Clearly, the link is broken between what consumers value in healthcare and what the system currently provides. Value-based healthcare offers a powerful mechanism for focusing all stakeholders on delivering products and solutions that make people healthier and doing so at a reasonable cost.

Without value-based payment models, there’s no value-based healthcare

For something that’s been talked about for as long as it has, the subject of “value-based healthcare” is frequently misunderstood and misused. The World Economic Forum’s Global Coalition for Value in Healthcare, to which we are contributors, defines it as an approach to healthcare delivery focused on improving outcomes and costs for defined patient segments that receive segment-specific interventions. This means bringing together disparate stakeholders and aligning them around the common purpose of improving the outcomes patients value—and then holding themselves, and each other, accountable for doing so cost effectively. While value-based healthcare has the potential to cure the limitations imposed by our current status quo—from reducing care fragmentation and provider burnout to lowering costs and health inequities—widescale adoption has proven elusive.


In 2019, the World Economic Forum (WEF) launched its Global Coalition for Value in Healthcare, a public-private platform for driving health system transformation by promoting the adoption of value-based healthcare models. Through its work, the coalition developed a framework for delivering value in healthcare using four levers: (1) Informatics that capture, analyze and share patient-specific data, (2) tools with which to generate insights from data, (3) care delivery models that measure performance and encourage continuous improvement and (4) payments based on value rather than volume. Policy and regulations that drive value-based healthcare must also be in place to connect and support these levers. 


To refocus healthcare delivery on the idea of creating value for patients, all four levers must work in tandem. We recently co-authored and served an advisory role for WEF’s comprehensive report on transforming healthcare systems by re-imagining payment models. In it, we argue that value-based healthcare is only possible when payment models and incentives exist to support it—and that payment model reform and care delivery innovation must be lashed together to incentivize care based on value, not volume. 

Creating a value-based healthcare system faces systemic barriers

The prevailing healthcare system ties payment to the volume of healthcare delivered, either using fee-for-service models or diagnosis-related groups. This creates two issues, neither of which benefit patients or health systems. First, volume-based delivery models create massive inefficiency, with the Organization for Economic Cooperation and Development (OECD) estimating that waste accounts for between 20% and 40% of total healthcare spend. And second, they lack a mechanism for connecting healthcare treatments to patient outcomes. Payment systems designed around value, on the other hand, make outcomes measurement a foundational principle, which serves as a powerful lever to incentivize innovation, health equity and care integration.


Make no mistake: Moving to value-based payment models is disruptive. That’s because it affects how healthcare is organized, measured and rewarded. In the legacy healthcare system, the treatment or therapy is the product, and success is measured by how often it’s administered—regardless of its cost or measurable impact on health outcomes.
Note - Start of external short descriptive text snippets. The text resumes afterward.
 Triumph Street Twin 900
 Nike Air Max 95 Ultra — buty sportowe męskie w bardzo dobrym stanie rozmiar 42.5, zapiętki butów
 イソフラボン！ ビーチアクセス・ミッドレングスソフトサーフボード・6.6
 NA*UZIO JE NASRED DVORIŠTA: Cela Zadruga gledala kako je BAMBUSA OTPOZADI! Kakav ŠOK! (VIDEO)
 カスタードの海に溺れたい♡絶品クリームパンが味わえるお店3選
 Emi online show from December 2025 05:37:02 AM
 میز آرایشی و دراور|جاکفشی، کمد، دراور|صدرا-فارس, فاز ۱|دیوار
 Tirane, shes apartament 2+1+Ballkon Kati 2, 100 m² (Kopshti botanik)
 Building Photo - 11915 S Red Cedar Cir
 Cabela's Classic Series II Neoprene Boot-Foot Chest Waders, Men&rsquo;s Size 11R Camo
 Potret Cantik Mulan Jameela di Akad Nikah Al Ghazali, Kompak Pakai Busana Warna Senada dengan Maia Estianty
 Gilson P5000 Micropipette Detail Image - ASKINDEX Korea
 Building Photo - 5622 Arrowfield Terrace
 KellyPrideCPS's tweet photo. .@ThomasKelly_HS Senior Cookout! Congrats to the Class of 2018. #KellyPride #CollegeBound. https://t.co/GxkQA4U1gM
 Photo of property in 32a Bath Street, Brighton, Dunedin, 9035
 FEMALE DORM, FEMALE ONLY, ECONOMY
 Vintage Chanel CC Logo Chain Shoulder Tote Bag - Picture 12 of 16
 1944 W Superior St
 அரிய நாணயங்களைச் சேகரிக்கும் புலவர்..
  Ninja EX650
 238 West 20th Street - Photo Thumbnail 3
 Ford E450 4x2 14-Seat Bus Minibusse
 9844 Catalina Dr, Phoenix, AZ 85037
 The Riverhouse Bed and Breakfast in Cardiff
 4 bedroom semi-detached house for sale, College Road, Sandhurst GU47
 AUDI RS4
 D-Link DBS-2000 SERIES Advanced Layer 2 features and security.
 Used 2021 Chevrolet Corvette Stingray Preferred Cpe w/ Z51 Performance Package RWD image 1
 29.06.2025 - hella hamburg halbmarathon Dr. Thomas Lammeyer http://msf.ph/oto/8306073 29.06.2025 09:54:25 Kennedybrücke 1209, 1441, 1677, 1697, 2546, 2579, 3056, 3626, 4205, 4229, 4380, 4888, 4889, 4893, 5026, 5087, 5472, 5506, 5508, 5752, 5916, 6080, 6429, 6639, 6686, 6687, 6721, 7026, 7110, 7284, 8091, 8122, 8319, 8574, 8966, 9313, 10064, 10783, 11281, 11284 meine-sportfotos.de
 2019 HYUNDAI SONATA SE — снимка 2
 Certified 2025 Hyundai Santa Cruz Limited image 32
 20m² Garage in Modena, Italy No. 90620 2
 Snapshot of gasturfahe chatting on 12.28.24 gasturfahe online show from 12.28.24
In a healthcare model predicated on value, meanwhile, the product is health, and success is measured by patient outcomes relative to the cost required to achieve them. 


As with any disruptive transformation, the barriers blocking the shift to value-based rewards systems are substantial. They fall into three categories:

  • Financial. Any change of this magnitude is expensive, creating challenges for two primary reasons: (1) The current system is lucrative for many stakeholders, and (2) short-term investments will be seen as cost-increasing measures, even if they save money in the long run.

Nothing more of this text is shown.